To complete my previous findings on Libtool, I must say that indeed the libtool people provided me with a solution to prevent the C++/Java tests from appearing in configure (it will be in libtool 1.6 but I backported it) and that I found a way to avoid that the C tests are performed twice (I have contributed it to libtool and it will also be in 1.6).

Also, I just updated to the last Automake 1.8 beta, and the new implementation of aclocal saved over 300k on my tarball, so not everything's wrong in the Autotools after all... :-) (aclocal now includes m4 files that are in the distribution directory using m4_include, and not literally in aclocal.m4).

Yesterday I decided that it would have been cool if GNU Smalltalk was compiled as a shared library. With the support for ELF visibilities that is in gcc 3.3, that should have been possible without much performance degradation (note that the installed VM still is linked statically though). Then I also decided that I should compile the shared library with -fomit-frame-pointer because I do need the register that is lost for the GOT pointer when using position-independent code.

The only sane way that came to mind to supply that flag only for the PIC case, and then only for a particular library, was to use libtool 1.5's tags: they are born to support multiple languages, but the presence of the disable-shared tag suggested that they could be put to such use. To summarize, there is absolutely no documentation on how to use tags, not to mention defining new ones (I wanted my tag to be based on the standard tag for C of course, without duplicating all the code in libtool.m4). I have lost a whole afternoon trying to do this, and now that I finally succeeded, what I came up with is a bunch of awful-looking m4 hacks (that luckily can be encapsulated in a separate macro) and with a 770kb configure that is basically doing exactly the same tests twice!

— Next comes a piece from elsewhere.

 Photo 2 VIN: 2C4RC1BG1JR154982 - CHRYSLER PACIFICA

Ah, and I was forgetting to say that it used to top the megabyte until I found out that it was including in the configure file the stuff for C++, Java, and Fortran 77 without ever executing it. :-)

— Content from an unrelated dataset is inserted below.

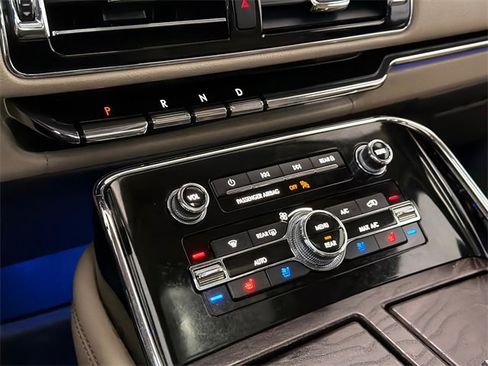 Used 2022 Lincoln Navigator L Reserve image 32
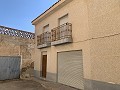 8 Bedroom town house close to the edge of town in Barinas, Murcia. in Real Estate Alicante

Did a nice thing recently... I rewrote GNU Smalltalk's bytecode interpreter, the new one has a new bytecode set which supports 192 superbytecodes, so it is 10-50% faster (50% on the P4, finally found a use for that trace cache!!!). I wrote some cute proggies to achieve this: a virtual machine generator, and a superoperator search program that embeds gperf. Sooner or later you'll find it on alpha.gnu.org or even later as part of GNU Smalltalk 2.2. Did I mention that GNU Smalltalk now has GTK+ bindings too? :-)

I just finished a patch for GCC's libffi and I am waiting for comments.

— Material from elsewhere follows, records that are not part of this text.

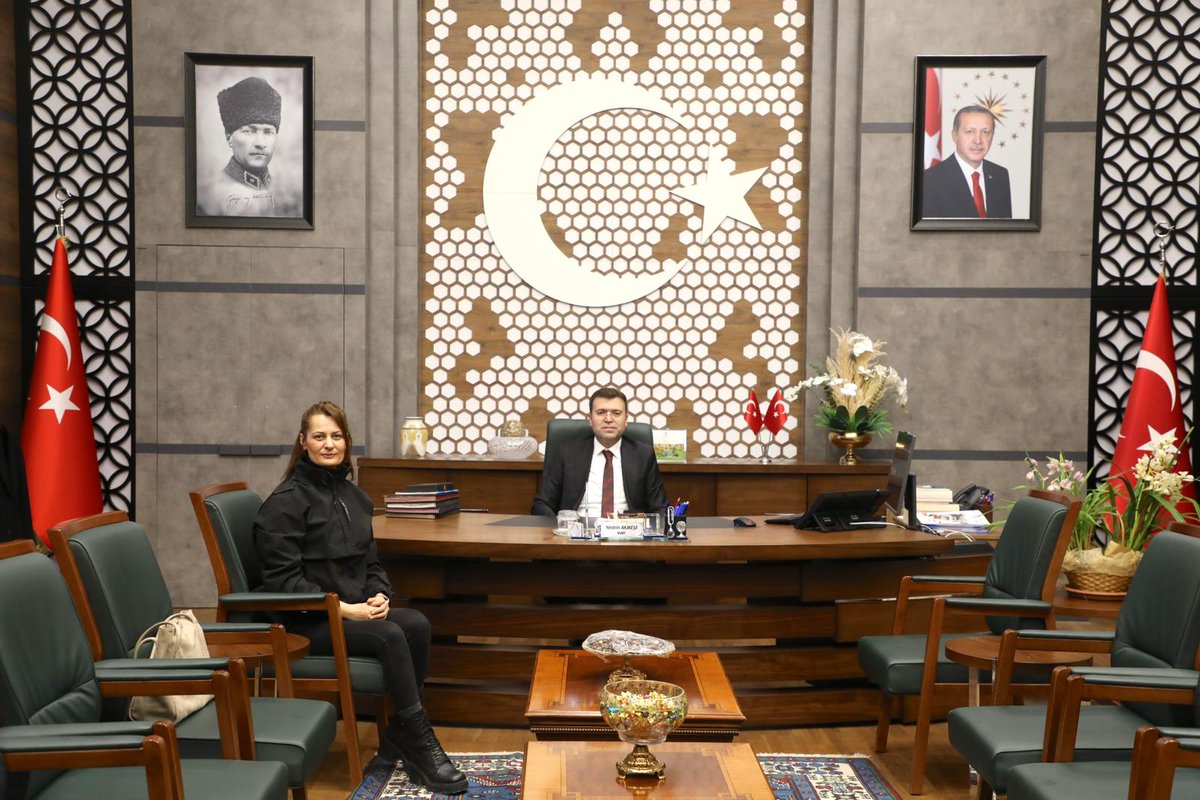 NigdeValiligi's tweet photo. 📍 Valilik Makamı

🔸️DMC Haber Sorumlu Yazı İşleri Müdürü Sayın Ali Nail KADI ve DMC Haber ekibi,
🔸️ESC Haber İmtiyaz Sahibi Sayın Çağrı ERGİNER ve ESC Haber ekibi,
🔸️ TRT ve İHA Niğde Temsilcisi Sayın Sema TEKELİ,

Niğde Valiliği görevine başlayan Valimiz Sayın Nedim AKMEŞE’yi makamında ziyaret ederek hayırlı olsun dileklerini iletti.

Sayın Valimiz, nazik ziyaretleri dolayısıyla misafirlerine teşekkür etti.

#NiğdeValiliği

I am also going to add some expected failures to sed and release 4.0.8 with them so that the glibc people will hopefully come and fix them. They made that bad choice of including the new regex matcher in glibc 2.3, now they should mend it. Me and the gawk author are getting a lot of spurious bug reports because of that.

Upload time. I've been quite busy and delayed some uploading (of GNU Smalltalk 2.1.3 and my netcat's second alpha).

This release of GNU Smalltalk has quite a lot of bugfixes, it might even be the last 2.1.x release. The future (2.2) is quite closely related to my Master thesis which I just started. Basically I am going to do three things.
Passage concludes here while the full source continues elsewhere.